AMBASSADOR THOMAS-GREENFIELD: It is overwhelming. I think that’s the only word that I can use. I see those little children. I saw a six-month-old who looked like a newborn, and I was told by the doctors that, actually, she was doing better. Showing that what we do actually save lives.
QUESTION: But who can heal the pain from the terror they’ve experienced? Many of the women in this makeshift camp tell of being raped by the marauding militias, who kill the men and steal the boys to recruit them. It has led the UN to start investigating a possible genocide. Humanitarian officials are reporting mass graves. I went to the Darfur region of Sudan in 2005 with Secretary of State Condoleezza Rice.

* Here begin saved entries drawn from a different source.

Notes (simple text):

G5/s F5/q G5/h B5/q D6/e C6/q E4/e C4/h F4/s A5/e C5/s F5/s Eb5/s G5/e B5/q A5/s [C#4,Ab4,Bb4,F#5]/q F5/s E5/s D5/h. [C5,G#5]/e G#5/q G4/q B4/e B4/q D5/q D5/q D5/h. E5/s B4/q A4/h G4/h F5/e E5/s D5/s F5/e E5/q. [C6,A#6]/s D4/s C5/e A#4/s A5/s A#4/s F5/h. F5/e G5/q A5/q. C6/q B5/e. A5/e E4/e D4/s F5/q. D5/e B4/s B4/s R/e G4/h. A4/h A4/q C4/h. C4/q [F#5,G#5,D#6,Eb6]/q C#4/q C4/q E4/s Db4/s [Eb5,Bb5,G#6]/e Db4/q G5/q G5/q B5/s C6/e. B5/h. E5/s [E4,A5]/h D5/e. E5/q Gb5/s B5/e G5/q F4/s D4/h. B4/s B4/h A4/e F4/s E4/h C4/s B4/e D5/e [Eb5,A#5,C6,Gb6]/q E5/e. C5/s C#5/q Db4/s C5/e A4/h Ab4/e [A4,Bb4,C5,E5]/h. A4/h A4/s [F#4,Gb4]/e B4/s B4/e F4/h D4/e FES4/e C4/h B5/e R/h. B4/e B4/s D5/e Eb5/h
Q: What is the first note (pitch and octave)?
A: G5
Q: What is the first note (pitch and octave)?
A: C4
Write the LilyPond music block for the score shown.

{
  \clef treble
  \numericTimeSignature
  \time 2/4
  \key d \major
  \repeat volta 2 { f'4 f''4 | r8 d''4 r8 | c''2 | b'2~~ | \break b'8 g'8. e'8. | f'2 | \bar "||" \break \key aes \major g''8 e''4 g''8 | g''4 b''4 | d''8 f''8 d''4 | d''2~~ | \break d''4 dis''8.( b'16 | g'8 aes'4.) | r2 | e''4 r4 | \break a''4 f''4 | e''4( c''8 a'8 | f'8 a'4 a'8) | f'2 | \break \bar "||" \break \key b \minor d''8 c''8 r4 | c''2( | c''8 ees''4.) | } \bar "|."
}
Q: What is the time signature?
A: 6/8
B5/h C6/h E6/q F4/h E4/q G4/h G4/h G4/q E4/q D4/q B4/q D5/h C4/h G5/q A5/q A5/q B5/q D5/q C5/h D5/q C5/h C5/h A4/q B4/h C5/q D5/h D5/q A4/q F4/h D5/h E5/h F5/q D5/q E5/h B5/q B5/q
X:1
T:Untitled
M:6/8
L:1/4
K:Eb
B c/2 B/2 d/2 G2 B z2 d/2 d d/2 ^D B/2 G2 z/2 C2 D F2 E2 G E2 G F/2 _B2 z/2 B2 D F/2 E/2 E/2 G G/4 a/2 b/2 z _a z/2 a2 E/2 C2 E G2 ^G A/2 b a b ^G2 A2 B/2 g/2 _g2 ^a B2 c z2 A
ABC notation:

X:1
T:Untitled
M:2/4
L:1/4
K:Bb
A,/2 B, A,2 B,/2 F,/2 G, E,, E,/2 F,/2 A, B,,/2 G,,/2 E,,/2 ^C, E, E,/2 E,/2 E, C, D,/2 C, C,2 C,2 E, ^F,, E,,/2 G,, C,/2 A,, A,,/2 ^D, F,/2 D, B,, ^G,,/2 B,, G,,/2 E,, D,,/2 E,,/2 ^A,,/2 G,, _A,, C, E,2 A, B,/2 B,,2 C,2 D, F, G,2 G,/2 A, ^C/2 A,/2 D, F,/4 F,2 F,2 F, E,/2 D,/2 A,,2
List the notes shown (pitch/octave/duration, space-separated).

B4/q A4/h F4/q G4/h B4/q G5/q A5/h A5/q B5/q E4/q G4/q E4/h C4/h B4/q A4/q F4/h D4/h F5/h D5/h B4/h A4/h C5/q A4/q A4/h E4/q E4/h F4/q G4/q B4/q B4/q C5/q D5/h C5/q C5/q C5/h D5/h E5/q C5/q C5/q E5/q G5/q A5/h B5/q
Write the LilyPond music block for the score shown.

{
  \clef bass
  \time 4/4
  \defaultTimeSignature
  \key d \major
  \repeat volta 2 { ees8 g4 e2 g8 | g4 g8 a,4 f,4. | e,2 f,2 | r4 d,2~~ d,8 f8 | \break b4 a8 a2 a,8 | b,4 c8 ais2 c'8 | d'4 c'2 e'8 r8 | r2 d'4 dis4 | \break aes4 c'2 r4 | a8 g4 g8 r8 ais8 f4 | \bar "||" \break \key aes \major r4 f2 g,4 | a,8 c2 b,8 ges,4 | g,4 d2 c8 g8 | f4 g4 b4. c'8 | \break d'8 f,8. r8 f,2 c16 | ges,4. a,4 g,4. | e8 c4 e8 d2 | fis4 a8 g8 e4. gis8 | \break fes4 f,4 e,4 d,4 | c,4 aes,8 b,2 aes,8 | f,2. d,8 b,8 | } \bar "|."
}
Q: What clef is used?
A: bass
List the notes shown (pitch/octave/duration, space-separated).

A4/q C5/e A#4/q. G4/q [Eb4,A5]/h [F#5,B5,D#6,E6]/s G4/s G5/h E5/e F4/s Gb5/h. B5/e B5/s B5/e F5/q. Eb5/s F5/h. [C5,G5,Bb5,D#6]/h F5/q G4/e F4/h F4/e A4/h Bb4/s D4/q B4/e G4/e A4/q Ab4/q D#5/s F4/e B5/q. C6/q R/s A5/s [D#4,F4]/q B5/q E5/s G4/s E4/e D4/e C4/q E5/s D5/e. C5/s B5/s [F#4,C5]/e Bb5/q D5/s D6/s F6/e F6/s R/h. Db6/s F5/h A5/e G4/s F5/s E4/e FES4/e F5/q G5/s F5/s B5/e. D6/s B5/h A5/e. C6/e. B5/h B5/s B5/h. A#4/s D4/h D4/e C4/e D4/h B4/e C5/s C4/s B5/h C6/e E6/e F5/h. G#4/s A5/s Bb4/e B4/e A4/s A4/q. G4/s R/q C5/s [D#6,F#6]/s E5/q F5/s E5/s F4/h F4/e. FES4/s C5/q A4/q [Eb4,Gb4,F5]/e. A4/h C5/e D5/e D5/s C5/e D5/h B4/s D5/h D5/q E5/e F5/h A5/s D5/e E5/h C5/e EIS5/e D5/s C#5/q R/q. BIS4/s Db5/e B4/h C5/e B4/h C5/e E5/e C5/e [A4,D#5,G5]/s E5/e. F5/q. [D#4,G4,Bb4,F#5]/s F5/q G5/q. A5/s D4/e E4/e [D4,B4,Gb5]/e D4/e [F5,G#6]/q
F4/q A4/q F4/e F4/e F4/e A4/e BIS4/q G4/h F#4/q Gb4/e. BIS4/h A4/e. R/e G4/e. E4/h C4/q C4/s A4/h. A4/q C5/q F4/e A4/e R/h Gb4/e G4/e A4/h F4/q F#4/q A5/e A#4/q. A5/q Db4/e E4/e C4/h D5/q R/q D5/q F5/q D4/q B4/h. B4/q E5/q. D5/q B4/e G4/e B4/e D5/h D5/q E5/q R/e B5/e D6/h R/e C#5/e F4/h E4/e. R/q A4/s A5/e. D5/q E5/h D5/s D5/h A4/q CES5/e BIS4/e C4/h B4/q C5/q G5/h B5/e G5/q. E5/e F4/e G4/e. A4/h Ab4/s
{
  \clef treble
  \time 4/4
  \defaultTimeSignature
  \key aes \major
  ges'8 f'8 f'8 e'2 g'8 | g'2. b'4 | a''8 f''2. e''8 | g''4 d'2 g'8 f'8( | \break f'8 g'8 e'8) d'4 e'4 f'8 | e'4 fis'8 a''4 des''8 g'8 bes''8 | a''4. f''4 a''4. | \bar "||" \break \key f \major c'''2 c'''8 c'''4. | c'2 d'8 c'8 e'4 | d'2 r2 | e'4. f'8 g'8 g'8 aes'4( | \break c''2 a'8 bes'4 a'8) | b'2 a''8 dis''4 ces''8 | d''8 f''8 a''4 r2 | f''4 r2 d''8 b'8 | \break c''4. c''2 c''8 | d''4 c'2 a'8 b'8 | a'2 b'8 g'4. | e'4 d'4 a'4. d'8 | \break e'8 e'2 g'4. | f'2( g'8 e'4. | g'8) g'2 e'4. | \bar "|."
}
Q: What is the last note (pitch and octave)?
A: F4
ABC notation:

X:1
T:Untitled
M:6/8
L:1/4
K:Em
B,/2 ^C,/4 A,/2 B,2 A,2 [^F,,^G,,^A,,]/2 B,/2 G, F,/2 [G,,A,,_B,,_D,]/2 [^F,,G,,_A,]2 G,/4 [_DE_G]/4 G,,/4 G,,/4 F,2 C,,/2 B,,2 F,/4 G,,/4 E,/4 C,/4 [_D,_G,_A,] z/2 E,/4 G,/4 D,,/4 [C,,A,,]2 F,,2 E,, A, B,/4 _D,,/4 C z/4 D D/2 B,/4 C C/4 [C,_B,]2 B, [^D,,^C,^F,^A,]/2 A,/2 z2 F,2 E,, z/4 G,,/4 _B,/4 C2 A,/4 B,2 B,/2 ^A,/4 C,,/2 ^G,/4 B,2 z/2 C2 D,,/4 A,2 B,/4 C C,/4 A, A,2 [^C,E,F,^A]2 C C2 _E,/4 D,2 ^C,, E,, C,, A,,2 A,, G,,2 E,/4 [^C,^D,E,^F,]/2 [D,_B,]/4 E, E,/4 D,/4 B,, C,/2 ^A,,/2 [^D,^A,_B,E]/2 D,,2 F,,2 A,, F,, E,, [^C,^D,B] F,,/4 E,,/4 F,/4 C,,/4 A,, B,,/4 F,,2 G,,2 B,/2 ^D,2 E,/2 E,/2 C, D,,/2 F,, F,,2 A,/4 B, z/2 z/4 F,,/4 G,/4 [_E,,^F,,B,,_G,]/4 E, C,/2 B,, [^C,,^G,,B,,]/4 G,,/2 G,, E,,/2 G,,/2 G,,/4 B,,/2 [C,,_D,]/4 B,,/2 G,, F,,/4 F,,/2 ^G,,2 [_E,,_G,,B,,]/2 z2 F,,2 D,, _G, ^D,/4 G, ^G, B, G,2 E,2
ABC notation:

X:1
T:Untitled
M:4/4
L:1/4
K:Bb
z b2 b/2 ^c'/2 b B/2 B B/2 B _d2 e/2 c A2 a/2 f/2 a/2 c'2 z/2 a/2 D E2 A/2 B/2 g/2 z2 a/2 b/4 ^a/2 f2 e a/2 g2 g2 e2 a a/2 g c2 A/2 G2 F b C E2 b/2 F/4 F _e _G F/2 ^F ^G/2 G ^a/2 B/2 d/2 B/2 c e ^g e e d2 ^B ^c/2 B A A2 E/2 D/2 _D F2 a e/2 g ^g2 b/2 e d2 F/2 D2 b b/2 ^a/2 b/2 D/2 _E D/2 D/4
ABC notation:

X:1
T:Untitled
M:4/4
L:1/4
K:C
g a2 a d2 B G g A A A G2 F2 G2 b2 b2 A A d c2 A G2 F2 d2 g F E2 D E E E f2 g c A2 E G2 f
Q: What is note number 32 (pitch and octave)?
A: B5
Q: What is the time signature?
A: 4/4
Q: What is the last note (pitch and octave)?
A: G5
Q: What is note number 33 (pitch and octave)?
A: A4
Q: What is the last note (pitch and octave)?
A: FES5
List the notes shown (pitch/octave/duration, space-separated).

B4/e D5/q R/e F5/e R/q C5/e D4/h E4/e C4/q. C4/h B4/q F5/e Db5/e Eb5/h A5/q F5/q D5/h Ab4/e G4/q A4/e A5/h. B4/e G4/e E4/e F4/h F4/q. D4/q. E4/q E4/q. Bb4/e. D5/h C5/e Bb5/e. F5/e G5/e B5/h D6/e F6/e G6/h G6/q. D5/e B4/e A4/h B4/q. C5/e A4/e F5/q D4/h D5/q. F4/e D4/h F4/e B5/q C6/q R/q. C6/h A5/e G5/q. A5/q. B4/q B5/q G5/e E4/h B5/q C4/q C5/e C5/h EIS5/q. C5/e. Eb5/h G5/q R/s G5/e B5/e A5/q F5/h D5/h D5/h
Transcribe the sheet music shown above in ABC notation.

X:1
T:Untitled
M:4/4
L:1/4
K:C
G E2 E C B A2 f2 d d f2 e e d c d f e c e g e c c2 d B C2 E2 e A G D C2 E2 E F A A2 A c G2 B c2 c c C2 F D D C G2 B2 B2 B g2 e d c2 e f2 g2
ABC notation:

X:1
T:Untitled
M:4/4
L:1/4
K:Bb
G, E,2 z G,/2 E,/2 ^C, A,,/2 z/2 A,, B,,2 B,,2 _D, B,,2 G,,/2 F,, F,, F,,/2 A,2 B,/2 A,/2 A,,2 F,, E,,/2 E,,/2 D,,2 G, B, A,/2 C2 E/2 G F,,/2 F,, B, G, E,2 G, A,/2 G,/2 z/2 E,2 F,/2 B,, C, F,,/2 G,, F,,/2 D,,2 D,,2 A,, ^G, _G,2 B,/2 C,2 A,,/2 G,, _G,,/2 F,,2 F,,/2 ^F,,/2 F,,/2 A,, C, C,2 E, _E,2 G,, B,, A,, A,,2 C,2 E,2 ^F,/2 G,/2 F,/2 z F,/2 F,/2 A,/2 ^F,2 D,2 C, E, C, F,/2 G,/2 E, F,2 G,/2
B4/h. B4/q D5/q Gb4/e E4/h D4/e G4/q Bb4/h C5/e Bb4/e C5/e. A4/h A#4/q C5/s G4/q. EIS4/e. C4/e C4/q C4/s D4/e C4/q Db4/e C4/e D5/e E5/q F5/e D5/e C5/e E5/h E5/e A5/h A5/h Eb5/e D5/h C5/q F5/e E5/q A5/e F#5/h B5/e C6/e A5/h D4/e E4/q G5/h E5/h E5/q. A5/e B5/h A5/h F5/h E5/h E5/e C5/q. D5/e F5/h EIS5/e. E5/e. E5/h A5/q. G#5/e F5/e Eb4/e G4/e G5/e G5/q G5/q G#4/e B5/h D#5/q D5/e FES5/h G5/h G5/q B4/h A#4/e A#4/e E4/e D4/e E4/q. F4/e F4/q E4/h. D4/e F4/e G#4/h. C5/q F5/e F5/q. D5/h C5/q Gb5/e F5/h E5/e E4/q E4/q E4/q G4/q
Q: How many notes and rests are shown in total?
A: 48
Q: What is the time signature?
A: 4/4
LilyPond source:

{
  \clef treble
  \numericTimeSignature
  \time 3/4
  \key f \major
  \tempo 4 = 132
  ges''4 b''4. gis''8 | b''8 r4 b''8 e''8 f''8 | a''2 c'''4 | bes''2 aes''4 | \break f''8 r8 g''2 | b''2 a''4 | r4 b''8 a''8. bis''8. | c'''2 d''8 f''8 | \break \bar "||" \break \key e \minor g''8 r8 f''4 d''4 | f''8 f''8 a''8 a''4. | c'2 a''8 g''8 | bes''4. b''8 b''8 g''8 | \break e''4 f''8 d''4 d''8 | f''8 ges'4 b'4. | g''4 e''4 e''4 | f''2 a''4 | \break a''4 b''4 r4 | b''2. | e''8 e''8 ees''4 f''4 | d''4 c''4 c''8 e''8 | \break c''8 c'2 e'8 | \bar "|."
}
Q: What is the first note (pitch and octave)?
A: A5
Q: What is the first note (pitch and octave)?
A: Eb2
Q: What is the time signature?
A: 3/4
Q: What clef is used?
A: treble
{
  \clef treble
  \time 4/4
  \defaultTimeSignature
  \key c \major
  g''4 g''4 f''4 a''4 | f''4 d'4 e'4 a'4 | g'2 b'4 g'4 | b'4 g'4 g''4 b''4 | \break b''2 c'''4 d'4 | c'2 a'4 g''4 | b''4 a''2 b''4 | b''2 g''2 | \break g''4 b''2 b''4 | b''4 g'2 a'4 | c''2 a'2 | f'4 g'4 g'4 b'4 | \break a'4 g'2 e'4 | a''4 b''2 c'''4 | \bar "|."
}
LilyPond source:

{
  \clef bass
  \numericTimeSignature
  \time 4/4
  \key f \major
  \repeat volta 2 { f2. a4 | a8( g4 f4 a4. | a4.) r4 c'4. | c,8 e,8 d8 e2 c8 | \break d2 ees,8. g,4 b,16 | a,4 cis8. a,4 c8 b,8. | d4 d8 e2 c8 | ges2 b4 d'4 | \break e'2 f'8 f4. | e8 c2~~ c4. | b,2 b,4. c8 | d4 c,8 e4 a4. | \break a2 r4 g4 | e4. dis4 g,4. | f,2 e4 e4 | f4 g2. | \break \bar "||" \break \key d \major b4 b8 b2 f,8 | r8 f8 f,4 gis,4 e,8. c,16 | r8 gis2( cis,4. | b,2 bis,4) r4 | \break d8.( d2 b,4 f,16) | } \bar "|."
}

That was declared a genocide. The same region erupting in violence now. Eighteen years later, history is repeating itself, and the leaders of the previous horrors have still not been brought to account.
AMBASSADOR THOMAS-GREENFIELD: You know, it did change, but now we are seeing the evidence of it starting again. What we see happening in Darfur right now portends to what we saw happening in Darfur in 2004. So we have gone backward in those years.
QUESTION: The UN says it needs a billion dollars more to feed, house, and heal the refugees, and so far has raised only a third of that – hardly enough to deal with a tragedy of this scale. But today the Ambassador announced the U.S. did sanction some militia leaders for mass atrocities, and another $163 million in aid, with no end in sight for the war and a flood of its desperate victims.
AMBASSADOR THOMAS-GREENFIELD: We can’t give up. We can’t give up. They have not been held accountable, but they will be held accountable. And we are working with civil society and with others to ensure that we help them get the information – the evidence that they need to hold them accountable.
QUESTION: And Andrea joins us now live from the capital of Chad. Just brilliant reporting as always, Andrea. The pictures of these children are heartbreaking. What else did the UN Ambassador tell you about meeting the people at the camp?
QUESTION: Thank you, Ryan. I also asked the Ambassador about the atrocities. With refugees telling us about the militias repeatedly gang raping the women, killing the men, and pictures that have now been verified by human rights groups of mass graves.
AMBASSADOR THOMAS-GREENFIELD: I just met with a group of young women who had fled because they feared – they had seen their friends raped. They had seen men killed and they feared for their lives. And they came here. But one woman told me something that really struck me. She said, “I lost my ambition.” And I encouraged her to keep her ambition. That that was hers. And that at some point life would improve for her.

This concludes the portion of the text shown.